In the figure, an external force \(\vec{F}\) is holding a bob of mass \(500 . \mathrm{g}\) in a station ary position. The angle that the massless rope makes with the vertical is \(\theta=30.0^{\circ}\) a) What is the magnitude, \(F\), of the force needed to maintain equilibrium? b) What is the tension in the rope?

Short answer

Answer: The magnitude of the external force F required to maintain equilibrium is 2.83 N, and the tension in the rope is 5.66 N.

Step-by-step solution

Identify the forces acting on the bob

There are three forces acting on the bob: 1. The gravitational force, which is given by \(\vec{F}_{g} = m\vec{g}\), where m is the mass of the bob, and \(\vec{g}\) is the acceleration due to gravity. 2. The tension in the rope, represented by \(\vec{T}\), acts in the direction of the rope. 3. The external force, \(\vec{F}\), that is holding the bob in a stationary position.

Calculate the gravitational force

Since the mass of the bob is given as 500 g, we need to convert it to kg: \(m = 500\:g = 0.5\: kg\) Now, calculate the gravitational force acting on the bob using the standard value of gravitational acceleration, \(g \approx 9.81\: m/s^2\): \(\vec{F}_{g} = m\vec{g} = 0.5\: kg \times 9.81\: m/s^2 = 4.905\: N\)

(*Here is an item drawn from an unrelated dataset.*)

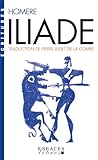 Iliade (Espaces Libres - Ecritures): Traduction de Pierre Judet de la Combe
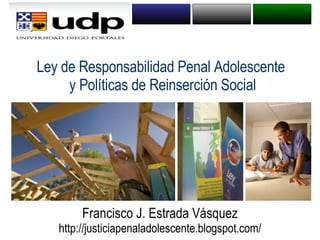 Ley de Responsabilidad Penal Adolescente  y Políticas de Reinserción Social Francisco J. Estrada Vásquez http://justiciapenaladolescente.blogspot.com/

Break down the tension force into its components

We need to break down the tension force into its vertical and horizontal components. \(\vec{T_v} = T\cos{\theta}\) (vertical component) \(\vec{T_h} = T\sin{\theta}\) (horizontal component)

Apply equilibrium conditions

Since the bob is in equilibrium, the net force in both horizontal and vertical directions should be zero. For the vertical direction: \(\vec{T_v} - \vec{F}_{g} = 0\) \(T\cos{30^{\circ}} - 4.905\: N = 0\) For the horizontal direction: \(\vec{T_h} - \vec{F} = 0\) \(T\sin{30^{\circ}} - F = 0\)

Solve for the external force F (part a)

First, solve the horizontal equilibrium equation for F: \(F = T\sin{30^{\circ}}\) Since \(\sin{30^{\circ}} = 0.5\), we can rewrite the equation as: \(F = 0.5T\)

Solve for the tension in the rope T (part b)

Now, use the vertical equilibrium equation to solve for tension T: \(T\cos{30^{\circ}} - 4.905\: N = 0\) Since \(\cos{30^{\circ}} = \frac{\sqrt{3}}{2}\), we can rewrite the equation as: \(T\frac{\sqrt{3}}{2} = 4.905\: N\) Now, solve for T: \(T = \frac{4.905\: N}{\frac{\sqrt{3}}{2}}\) \(T = 5.66\: N\) Finally, substitute the value of T back into the equation from Step 5 to find the magnitude of the external force F: \(F = 0.5(5.66\: N) = 2.83\: N\) The magnitude of the external force F required to maintain equilibrium is 2.83 N, and the tension in the rope is 5.66 N.